MANAGEMENT'S DISCUSSION AND ANALYSIS OF FINANCIAL CONDITION AND RESULTS OF OPERATIONS

    Statements contained in this Quarterly Report on Form 10-Q, which are not purely historical, are forward-looking statements within the meaning of Section 27A of the Securities Act of 1933 and Section 21E of the Securities Exchange Act of 1934, including but not limited to statements regarding Summa's expectations, hopes, beliefs, intentions or strategies regarding the future, such as those set forth in Part II, Item 1 "Legal Proceedings" below. Actual results could differ materially from those projected in any forward-looking statements as a result of a number of factors, including those detailed in this "Management's Discussion and Analysis" section and elsewhere herein and in the Company's Annual Report on Form 10-K for the fiscal year ended August 31, 2001. The forward-looking statements are made as of the date hereof, and the Company assumes no obligation to update the forward-looking statements, or to update the reasons why actual results could differ materially from those projected in the forward-looking statements.

    Summa manufactures diverse plastic products in two segments: Engineered Polymer Components and Extruded Plastic Products. Summa designs and manufactures injection-molded and thermo-formed plastic optical components for OEM customers in the lighting industry; modular plastic conveyor belt and chain for the food processing industry; engineered plastic fittings, valves, filters and tubing for the agricultural irrigation industry; molded plastic coil forms ("bobbins") for use in transformers, motors, relays and switches; and other molded and extruded plastic components for diverse industries.

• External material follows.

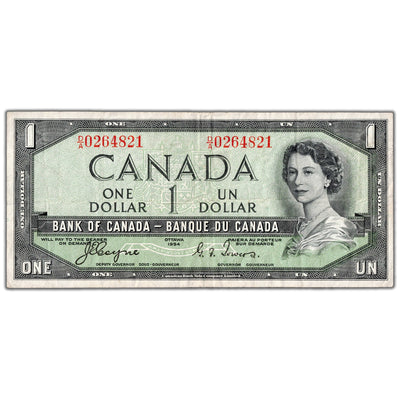 $1 1954 Bank of Canada Note Devil Face D/A Prefix BC-29a - VF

    Growth has been achieved by acquisition, development of new products and expansion of the Company's sales organization. There can be no assurance that Summa will be able to continue to consummate acquisitions, develop new products or expand sales to sustain rates of revenue growth and profitability in future periods comparable to those experienced in the past several years. Any future success that the Company may achieve will depend upon many factors including factors which may be beyond the control of Summa or which cannot be predicted at this time. See "Risk Factors" in the "Management's Discussion and Analysis of Financial Condition and Results of Operations" section of the Company's Annual Report on Form 10-K for the fiscal year ended August 31, 2001.


Results of Operations

    The following table sets forth certain information, derived from Summa's unaudited consolidated statements of income, as a percent of sales for the three-month periods ended November 30, 2000 and 2001, and the Company's effective income tax rate during those periods:

 
  Three months ended
November 30

 
 
  2000
  2001
 
Net sales   100.0 % 100.0 %
Cost of sales   72.8 % 72.6 %
   
 
 
Gross profit   27.2 % 27.4 %
S,G & A and other expenses   18.4 % 21.4 %
   
 
 
Operating income   8.8 % 6.0 %
Interest expense, net   2.9 % 2.9 %
   
 
 
Income before tax   5.9 % 3.1 %
Provision for income taxes   2.1 % 1.1 %
   
 
 
Net income   3.8 % 2.0 %
   
 
 
Effective tax rate   35.4 % 35.7 %

10


    Sales for the first quarter ended November 30, 2001 decreased $6,817,000, or 21%, compared to the same period in the prior year, due to the economic downturn and the discontinuation of some commodity products, partially offset by the inclusion of sales of newly acquired operations. Same business sales in the first quarter were down 21% in the Engineered Polymer Components segment, down 58% in the Extruded Plastic Products segment, primarily due to the discontinuation of some commodity products, and down 26% overall, compared to the first quarter of the prior fiscal year.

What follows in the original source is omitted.